Simple wrapper to convert Athena backend file types

Utilises AWS Athena to convert AWS S3 backend file types. It also also to create more efficient file types i.e. "parquet" and "orc" from SQL queries.

dbConvertTable(conn, obj, name, ...)

# S4 method for AthenaConnection
dbConvertTable(
  conn,
  obj,
  name,
  partition = NULL,
  s3.location = NULL,
  file.type = c("NULL", "csv", "tsv", "parquet", "json", "orc"),
  compress = TRUE,
  data = TRUE,
  ...
)

Arguments

conn: An AthenaConnection object, produced by [DBI::dbConnect()]
obj: Athena table or SQL DML query to be converted.

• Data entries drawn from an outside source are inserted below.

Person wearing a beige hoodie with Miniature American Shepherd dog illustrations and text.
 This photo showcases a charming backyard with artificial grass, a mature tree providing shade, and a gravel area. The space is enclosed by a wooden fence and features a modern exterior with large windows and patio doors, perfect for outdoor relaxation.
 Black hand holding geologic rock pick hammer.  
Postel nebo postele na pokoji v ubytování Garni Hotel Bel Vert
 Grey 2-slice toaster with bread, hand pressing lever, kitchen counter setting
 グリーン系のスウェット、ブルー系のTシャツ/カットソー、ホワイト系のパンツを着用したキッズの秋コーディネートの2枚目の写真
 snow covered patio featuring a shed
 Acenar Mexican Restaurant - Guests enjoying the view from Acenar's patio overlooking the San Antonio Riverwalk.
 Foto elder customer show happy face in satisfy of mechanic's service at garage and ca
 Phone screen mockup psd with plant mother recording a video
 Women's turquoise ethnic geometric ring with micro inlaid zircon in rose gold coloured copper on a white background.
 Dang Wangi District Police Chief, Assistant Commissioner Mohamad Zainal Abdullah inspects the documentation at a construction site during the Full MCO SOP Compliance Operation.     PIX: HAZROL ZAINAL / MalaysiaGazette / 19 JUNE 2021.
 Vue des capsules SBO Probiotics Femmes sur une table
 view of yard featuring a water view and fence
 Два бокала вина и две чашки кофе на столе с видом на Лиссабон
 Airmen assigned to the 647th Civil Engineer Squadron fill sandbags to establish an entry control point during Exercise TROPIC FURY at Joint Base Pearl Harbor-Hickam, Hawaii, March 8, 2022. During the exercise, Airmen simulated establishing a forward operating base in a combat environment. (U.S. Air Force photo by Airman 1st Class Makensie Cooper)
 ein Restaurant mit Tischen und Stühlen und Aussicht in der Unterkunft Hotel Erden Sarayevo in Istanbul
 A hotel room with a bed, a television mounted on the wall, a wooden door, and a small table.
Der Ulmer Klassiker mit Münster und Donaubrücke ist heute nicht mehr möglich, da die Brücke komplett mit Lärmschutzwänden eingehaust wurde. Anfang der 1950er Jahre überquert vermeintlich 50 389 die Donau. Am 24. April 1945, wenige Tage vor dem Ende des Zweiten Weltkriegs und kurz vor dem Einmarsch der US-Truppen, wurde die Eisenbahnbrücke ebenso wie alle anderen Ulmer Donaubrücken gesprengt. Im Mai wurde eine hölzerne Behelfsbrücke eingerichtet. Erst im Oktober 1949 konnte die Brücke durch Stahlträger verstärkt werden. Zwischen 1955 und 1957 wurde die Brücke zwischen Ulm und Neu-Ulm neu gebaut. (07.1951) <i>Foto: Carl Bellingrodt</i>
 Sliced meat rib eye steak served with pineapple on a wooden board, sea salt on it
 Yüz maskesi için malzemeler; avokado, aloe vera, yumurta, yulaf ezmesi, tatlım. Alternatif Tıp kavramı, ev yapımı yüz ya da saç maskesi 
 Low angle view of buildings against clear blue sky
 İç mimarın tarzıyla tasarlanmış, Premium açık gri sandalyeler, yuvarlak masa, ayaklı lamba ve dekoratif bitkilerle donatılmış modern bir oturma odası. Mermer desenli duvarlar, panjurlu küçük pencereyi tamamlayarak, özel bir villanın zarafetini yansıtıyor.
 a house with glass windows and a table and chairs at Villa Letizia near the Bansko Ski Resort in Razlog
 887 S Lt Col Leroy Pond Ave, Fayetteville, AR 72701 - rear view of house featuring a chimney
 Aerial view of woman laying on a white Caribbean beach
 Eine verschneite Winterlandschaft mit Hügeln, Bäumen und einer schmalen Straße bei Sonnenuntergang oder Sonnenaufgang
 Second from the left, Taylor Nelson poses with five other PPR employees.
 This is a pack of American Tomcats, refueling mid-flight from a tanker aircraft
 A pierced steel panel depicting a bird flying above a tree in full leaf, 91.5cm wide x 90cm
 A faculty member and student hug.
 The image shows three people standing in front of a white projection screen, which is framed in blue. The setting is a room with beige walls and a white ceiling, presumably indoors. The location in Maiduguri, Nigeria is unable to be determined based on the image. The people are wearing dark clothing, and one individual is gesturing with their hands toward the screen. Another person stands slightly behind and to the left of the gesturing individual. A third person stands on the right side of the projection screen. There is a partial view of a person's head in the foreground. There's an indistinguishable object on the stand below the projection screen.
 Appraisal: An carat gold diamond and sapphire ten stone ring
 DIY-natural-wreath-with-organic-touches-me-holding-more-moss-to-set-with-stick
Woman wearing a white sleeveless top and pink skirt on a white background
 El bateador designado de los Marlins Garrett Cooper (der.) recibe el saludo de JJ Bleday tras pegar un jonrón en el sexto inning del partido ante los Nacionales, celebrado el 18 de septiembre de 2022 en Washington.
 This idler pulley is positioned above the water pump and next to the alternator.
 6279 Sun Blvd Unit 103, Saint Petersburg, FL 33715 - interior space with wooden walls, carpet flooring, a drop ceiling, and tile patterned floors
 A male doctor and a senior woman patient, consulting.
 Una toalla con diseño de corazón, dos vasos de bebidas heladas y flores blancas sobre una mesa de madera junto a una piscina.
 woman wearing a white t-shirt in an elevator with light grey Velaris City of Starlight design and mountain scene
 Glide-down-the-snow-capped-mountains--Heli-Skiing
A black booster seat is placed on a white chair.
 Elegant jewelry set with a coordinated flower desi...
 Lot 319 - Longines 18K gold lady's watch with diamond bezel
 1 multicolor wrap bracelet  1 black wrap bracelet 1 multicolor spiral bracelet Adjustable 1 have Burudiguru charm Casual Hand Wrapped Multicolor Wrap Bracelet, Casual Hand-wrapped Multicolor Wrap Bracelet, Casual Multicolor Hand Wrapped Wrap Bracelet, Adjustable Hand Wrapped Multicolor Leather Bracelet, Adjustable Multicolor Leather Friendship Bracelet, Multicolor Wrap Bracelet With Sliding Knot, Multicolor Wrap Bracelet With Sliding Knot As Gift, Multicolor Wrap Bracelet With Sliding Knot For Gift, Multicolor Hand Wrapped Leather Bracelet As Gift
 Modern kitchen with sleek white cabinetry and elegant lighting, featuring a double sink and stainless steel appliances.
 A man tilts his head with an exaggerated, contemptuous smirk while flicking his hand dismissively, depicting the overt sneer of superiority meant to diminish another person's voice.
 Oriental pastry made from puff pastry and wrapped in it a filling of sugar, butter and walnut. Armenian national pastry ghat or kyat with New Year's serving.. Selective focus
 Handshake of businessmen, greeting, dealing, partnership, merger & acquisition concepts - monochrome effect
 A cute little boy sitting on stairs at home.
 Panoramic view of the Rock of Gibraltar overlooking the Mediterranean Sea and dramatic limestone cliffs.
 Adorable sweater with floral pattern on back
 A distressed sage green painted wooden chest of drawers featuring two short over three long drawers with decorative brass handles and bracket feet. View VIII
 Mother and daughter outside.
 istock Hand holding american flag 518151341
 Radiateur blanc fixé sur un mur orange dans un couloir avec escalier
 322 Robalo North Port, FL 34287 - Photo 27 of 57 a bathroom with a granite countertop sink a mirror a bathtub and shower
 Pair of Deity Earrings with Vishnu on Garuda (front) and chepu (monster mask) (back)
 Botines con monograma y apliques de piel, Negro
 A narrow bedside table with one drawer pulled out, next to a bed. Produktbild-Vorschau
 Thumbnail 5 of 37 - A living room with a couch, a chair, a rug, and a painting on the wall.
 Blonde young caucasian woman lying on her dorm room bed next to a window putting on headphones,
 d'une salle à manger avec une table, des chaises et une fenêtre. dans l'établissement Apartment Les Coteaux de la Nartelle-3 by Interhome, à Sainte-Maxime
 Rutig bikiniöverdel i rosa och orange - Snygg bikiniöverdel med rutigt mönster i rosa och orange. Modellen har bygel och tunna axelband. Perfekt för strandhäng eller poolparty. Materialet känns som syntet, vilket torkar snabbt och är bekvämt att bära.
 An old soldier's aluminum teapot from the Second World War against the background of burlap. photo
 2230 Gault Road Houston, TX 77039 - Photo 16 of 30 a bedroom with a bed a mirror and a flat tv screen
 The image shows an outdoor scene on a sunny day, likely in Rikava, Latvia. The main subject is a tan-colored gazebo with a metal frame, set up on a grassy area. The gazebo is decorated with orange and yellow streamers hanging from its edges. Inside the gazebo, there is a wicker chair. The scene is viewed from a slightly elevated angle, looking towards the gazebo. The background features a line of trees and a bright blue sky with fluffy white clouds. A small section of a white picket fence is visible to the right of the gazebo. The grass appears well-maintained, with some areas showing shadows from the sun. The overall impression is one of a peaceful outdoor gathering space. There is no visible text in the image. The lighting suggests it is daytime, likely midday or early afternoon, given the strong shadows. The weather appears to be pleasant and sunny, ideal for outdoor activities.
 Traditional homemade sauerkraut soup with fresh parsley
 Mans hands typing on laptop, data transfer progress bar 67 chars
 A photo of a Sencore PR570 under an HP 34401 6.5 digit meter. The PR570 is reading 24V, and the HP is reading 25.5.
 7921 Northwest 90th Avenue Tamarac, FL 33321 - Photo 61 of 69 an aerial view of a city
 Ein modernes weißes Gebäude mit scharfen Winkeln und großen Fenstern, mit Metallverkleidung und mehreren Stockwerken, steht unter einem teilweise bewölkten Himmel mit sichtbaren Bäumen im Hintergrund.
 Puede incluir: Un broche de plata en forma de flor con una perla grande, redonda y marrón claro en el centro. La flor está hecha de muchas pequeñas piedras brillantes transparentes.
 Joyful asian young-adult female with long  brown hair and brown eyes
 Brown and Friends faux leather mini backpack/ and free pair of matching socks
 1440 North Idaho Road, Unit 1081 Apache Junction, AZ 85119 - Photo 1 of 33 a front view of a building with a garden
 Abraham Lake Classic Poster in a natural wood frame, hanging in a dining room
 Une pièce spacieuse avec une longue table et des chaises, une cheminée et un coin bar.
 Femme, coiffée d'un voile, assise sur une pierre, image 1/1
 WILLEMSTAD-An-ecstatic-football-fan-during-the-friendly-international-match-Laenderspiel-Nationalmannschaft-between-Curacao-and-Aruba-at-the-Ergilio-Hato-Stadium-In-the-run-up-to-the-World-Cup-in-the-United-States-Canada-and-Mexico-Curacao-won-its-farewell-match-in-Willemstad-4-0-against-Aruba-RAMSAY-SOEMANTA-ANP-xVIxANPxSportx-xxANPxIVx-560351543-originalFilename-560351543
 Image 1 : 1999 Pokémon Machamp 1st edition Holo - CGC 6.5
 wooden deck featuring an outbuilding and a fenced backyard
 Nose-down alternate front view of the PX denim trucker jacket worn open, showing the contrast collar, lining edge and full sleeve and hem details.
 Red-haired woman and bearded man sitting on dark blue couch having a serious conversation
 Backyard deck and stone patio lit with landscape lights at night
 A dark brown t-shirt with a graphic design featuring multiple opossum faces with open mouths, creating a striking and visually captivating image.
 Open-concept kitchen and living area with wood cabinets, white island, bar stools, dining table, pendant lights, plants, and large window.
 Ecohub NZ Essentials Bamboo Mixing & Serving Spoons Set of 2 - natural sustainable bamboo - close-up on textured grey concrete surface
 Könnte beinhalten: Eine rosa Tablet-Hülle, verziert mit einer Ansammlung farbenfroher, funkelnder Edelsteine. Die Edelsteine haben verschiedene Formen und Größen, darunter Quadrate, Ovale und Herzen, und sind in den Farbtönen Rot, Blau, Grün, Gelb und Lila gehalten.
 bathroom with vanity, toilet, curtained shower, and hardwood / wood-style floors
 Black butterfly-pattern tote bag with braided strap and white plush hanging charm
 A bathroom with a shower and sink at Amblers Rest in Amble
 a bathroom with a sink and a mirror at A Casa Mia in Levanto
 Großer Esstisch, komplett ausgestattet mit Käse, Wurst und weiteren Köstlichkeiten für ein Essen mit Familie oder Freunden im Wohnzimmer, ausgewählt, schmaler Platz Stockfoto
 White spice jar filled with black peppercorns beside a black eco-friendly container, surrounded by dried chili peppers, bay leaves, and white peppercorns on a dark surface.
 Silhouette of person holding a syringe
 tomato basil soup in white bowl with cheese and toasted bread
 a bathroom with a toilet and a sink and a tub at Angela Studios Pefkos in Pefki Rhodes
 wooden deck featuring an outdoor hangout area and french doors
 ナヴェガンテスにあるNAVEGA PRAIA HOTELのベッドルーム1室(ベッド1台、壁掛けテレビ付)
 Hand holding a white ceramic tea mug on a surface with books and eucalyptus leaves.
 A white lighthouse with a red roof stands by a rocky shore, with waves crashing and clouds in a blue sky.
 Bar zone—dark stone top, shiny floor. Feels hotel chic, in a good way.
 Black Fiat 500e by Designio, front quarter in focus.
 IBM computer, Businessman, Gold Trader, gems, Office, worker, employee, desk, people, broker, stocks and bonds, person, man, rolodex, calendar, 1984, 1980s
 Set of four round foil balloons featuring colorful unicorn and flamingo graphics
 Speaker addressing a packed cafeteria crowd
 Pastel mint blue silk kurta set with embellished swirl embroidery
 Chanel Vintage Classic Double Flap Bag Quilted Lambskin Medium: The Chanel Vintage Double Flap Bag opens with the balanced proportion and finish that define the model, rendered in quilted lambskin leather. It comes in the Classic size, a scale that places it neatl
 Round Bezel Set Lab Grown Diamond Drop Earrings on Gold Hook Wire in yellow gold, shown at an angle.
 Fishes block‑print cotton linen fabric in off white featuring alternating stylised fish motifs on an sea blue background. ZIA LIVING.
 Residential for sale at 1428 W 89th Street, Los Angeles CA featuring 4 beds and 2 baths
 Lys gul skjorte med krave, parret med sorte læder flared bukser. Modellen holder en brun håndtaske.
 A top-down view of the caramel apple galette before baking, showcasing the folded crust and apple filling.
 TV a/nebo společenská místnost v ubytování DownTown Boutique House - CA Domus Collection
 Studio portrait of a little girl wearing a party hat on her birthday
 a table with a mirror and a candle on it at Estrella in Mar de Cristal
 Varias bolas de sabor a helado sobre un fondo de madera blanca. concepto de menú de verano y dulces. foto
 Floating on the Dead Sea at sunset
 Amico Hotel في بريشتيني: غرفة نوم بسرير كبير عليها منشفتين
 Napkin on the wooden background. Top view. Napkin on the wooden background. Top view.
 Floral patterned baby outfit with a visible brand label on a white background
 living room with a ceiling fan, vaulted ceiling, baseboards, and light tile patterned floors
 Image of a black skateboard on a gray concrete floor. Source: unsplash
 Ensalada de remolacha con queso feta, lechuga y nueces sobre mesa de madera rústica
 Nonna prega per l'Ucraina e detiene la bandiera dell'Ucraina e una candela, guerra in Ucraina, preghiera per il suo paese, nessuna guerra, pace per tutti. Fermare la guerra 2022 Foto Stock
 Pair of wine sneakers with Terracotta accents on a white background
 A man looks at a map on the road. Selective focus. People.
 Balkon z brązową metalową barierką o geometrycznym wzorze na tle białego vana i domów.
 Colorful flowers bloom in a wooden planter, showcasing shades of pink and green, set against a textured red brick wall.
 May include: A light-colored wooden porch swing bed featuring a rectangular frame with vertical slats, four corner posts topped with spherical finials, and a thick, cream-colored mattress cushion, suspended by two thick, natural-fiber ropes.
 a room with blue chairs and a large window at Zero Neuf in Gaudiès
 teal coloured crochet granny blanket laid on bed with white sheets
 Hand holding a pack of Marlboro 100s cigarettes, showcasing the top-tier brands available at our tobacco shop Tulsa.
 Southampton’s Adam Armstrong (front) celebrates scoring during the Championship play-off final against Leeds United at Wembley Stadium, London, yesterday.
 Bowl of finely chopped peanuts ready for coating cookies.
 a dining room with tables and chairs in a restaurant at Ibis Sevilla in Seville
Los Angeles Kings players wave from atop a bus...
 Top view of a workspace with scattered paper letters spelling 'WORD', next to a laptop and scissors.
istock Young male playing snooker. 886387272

For SQL, the query need to be wrapped with DBI::SQL() and follow AWS Athena DML format link
name: Name of destination table
...: Extra parameters, currently not used
partition: Partition Athena table
s3.location: location to store output file, must be in s3 uri format for example ("s3://mybucket/data/").
file.type: File type for name, currently support ["NULL","csv", "tsv", "parquet", "json", "orc"]. "NULL" will let Athena set the file type for you.
compress: Compress name, currently can only compress ["parquet", "orc"] (AWS Athena CTAS)
data: If name should be created with data or not.

Value

dbConvertTable() returns TRUE but invisible.

Examples

if (FALSE) {
# Note:
# - Require AWS Account to run below example.
# - Different connection methods can be used please see `RAthena::dbConnect` documnentation

library(DBI)
library(RAthena)

# Demo connection to Athena using profile name
con <- dbConnect(athena())

# write iris table to Athena in defualt delimited format
dbWriteTable(con, "iris", iris)

# convert delimited table to parquet
dbConvertTable(con,
  obj = "iris",
  name = "iris_parquet",
  file.type = "parquet"
)

# Create partitioned table from non-partitioned
# iris table using SQL DML query
dbConvertTable(con,
  obj = SQL("select
                            iris.*,
                            date_format(current_date, '%Y%m%d') as time_stamp
                          from iris"),
  name = "iris_orc_partitioned",
  file.type = "orc",
  partition = "time_stamp"
)

# disconnect from Athena
dbDisconnect(con)
}